> Activity: Word for word, reproduce the listing that follows, excluding any pictures it contains.

> Data:
────
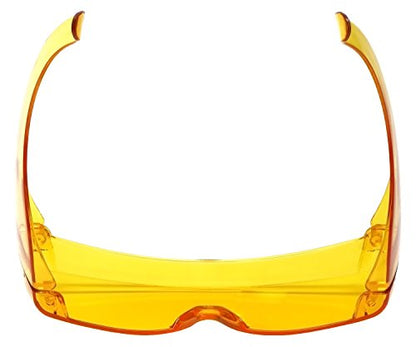 Calabria 3000 Fitover Safety Glasses with Uni-Lens – [Yellow] Wrap Around Eye Protection | Anti-Fog Scratch Resistant | Protective Eyewear - color: Yellow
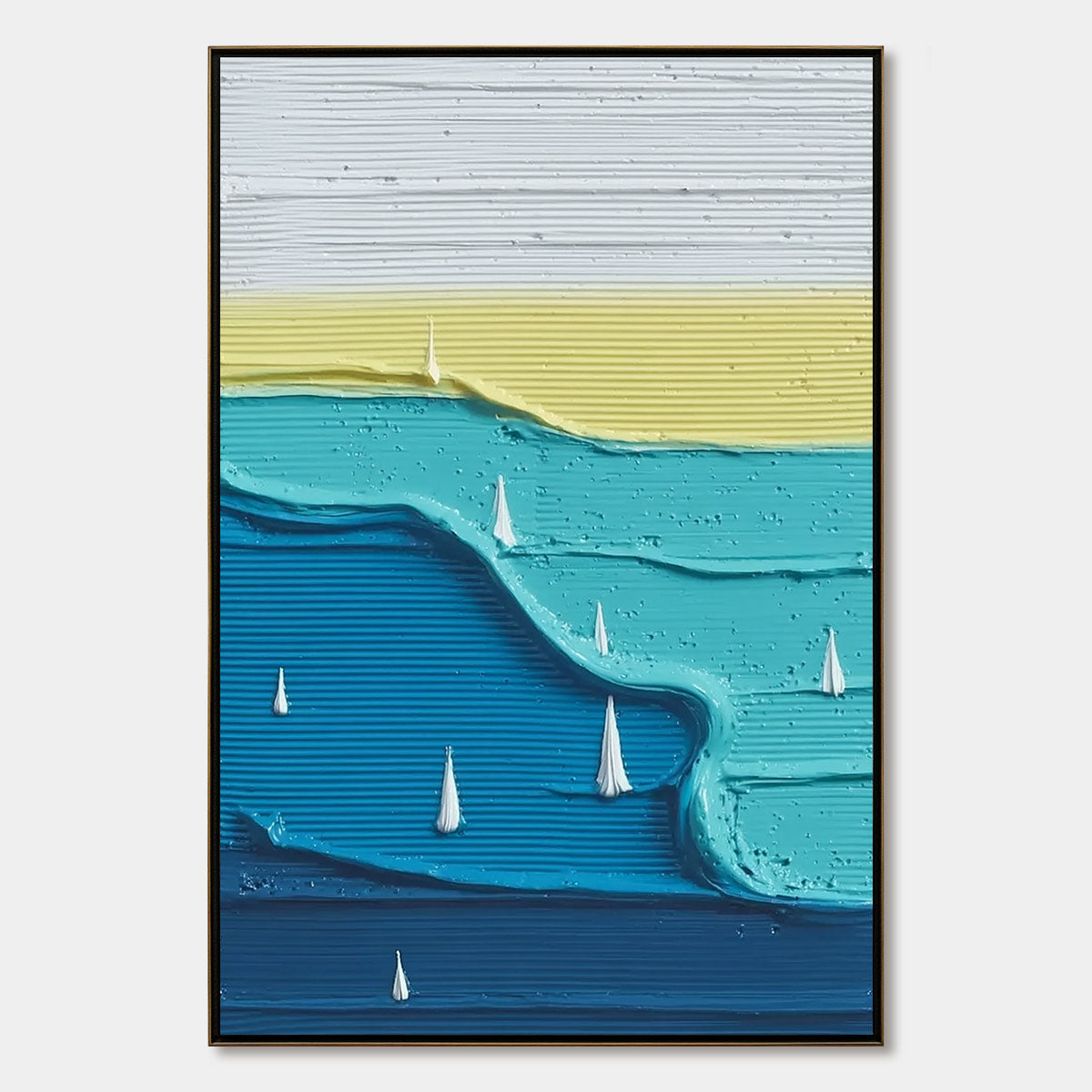 SAILBOAT SERENITY: Textured Minimalist Abstract Seascape Painting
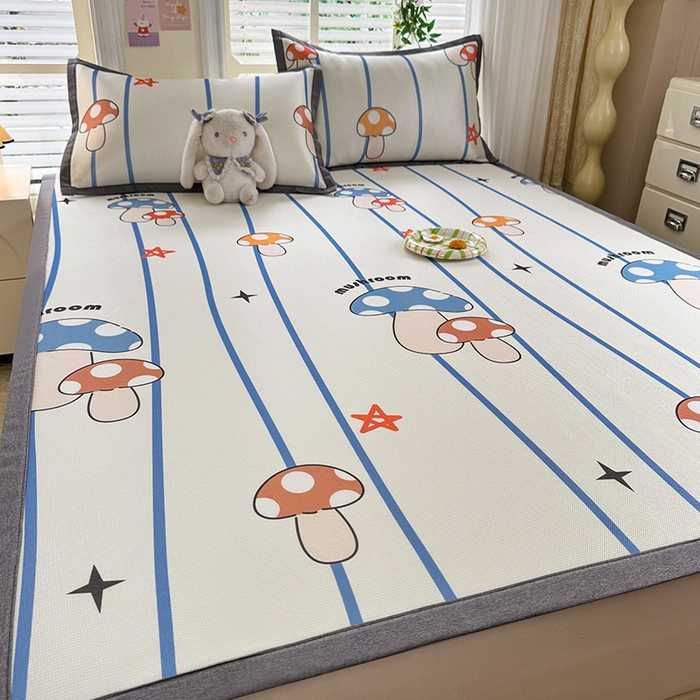 91家纺网 家纺一手货源 找家纺 518家纺 2026新款亲肤舒适A类碳光冰丝抗菌凉席【提供买家秀】席子【提供买家秀】-床笠款 蘑菇屋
────
> Written solution:
 Calabria 3000 Fitover Safety Glasses with Uni-Lens – [Yellow] Wrap Around Eye Protection | Anti-Fog Scratch Resistant | Protective Eyewear - color: Yellow
 SAILBOAT SERENITY: Textured Minimalist Abstract Seascape Painting
 91家纺网 家纺一手货源 找家纺 518家纺 2026新款亲肤舒适A类碳光冰丝抗菌凉席【提供买家秀】席子【提供买家秀】-床笠款 蘑菇屋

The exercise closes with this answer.